# TASK OBJECTIVE
Below is a set of records. Please retype every one exactly.

*** Block opens ***

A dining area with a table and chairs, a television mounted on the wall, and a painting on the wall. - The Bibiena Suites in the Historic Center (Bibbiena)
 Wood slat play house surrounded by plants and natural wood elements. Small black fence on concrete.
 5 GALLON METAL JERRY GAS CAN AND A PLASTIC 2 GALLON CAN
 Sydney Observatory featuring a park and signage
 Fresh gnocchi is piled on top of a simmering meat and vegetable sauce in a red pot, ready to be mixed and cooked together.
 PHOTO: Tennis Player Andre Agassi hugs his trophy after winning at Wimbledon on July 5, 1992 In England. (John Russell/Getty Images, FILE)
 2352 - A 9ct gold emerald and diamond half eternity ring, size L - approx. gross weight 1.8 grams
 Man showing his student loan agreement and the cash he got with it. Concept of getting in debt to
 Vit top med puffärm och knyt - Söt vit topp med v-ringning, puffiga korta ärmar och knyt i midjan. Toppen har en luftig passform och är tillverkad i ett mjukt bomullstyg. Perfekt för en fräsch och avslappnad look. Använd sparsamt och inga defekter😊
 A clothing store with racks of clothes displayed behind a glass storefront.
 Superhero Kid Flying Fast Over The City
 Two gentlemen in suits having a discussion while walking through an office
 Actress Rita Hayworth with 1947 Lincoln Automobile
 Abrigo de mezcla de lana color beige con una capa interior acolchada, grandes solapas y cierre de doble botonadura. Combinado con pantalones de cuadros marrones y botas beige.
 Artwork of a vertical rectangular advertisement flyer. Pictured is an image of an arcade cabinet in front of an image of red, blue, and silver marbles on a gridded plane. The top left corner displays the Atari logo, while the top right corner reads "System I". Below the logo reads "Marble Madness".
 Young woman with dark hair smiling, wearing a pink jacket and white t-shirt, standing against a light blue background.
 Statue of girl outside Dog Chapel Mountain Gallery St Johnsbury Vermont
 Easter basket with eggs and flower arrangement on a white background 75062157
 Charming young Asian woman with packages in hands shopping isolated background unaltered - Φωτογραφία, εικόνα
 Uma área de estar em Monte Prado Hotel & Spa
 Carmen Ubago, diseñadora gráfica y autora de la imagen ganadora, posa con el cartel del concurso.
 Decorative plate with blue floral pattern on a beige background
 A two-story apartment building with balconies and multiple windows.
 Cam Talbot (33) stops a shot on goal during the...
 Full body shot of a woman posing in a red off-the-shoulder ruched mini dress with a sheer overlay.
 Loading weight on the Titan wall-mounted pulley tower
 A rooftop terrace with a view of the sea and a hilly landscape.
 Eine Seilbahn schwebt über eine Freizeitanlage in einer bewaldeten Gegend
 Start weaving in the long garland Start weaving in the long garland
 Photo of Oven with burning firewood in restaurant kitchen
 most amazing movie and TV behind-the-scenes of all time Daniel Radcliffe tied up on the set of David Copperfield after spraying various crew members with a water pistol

*** Block closes ***

# RESPONSE AREA
A dining area with a table and chairs, a television mounted on the wall, and a painting on the wall. - The Bibiena Suites in the Historic Center (Bibbiena)
 Wood slat play house surrounded by plants and natural wood elements. Small black fence on concrete.
 5 GALLON METAL JERRY GAS CAN AND A PLASTIC 2 GALLON CAN
 Sydney Observatory featuring a park and signage
 Fresh gnocchi is piled on top of a simmering meat and vegetable sauce in a red pot, ready to be mixed and cooked together.
 PHOTO: Tennis Player Andre Agassi hugs his trophy after winning at Wimbledon on July 5, 1992 In England. (John Russell/Getty Images, FILE)
 2352 - A 9ct gold emerald and diamond half eternity ring, size L - approx. gross weight 1.8 grams
 Man showing his student loan agreement and the cash he got with it. Concept of getting in debt to
 Vit top med puffärm och knyt - Söt vit topp med v-ringning, puffiga korta ärmar och knyt i midjan. Toppen har en luftig passform och är tillverkad i ett mjukt bomullstyg. Perfekt för en fräsch och avslappnad look. Använd sparsamt och inga defekter😊
 A clothing store with racks of clothes displayed behind a glass storefront.
 Superhero Kid Flying Fast Over The City
 Two gentlemen in suits having a discussion while walking through an office
 Actress Rita Hayworth with 1947 Lincoln Automobile
 Abrigo de mezcla de lana color beige con una capa interior acolchada, grandes solapas y cierre de doble botonadura. Combinado con pantalones de cuadros marrones y botas beige.
 Artwork of a vertical rectangular advertisement flyer. Pictured is an image of an arcade cabinet in front of an image of red, blue, and silver marbles on a gridded plane. The top left corner displays the Atari logo, while the top right corner reads "System I". Below the logo reads "Marble Madness".
 Young woman with dark hair smiling, wearing a pink jacket and white t-shirt, standing against a light blue background.
 Statue of girl outside Dog Chapel Mountain Gallery St Johnsbury Vermont
 Easter basket with eggs and flower arrangement on a white background 75062157
 Charming young Asian woman with packages in hands shopping isolated background unaltered - Φωτογραφία, εικόνα
 Uma área de estar em Monte Prado Hotel & Spa
 Carmen Ubago, diseñadora gráfica y autora de la imagen ganadora, posa con el cartel del concurso.
 Decorative plate with blue floral pattern on a beige background
 A two-story apartment building with balconies and multiple windows.
 Cam Talbot (33) stops a shot on goal during the...
 Full body shot of a woman posing in a red off-the-shoulder ruched mini dress with a sheer overlay.
 Loading weight on the Titan wall-mounted pulley tower
 A rooftop terrace with a view of the sea and a hilly landscape.
 Eine Seilbahn schwebt über eine Freizeitanlage in einer bewaldeten Gegend
 Start weaving in the long garland Start weaving in the long garland
 Photo of Oven with burning firewood in restaurant kitchen
 most amazing movie and TV behind-the-scenes of all time Daniel Radcliffe tied up on the set of David Copperfield after spraying various crew members with a water pistol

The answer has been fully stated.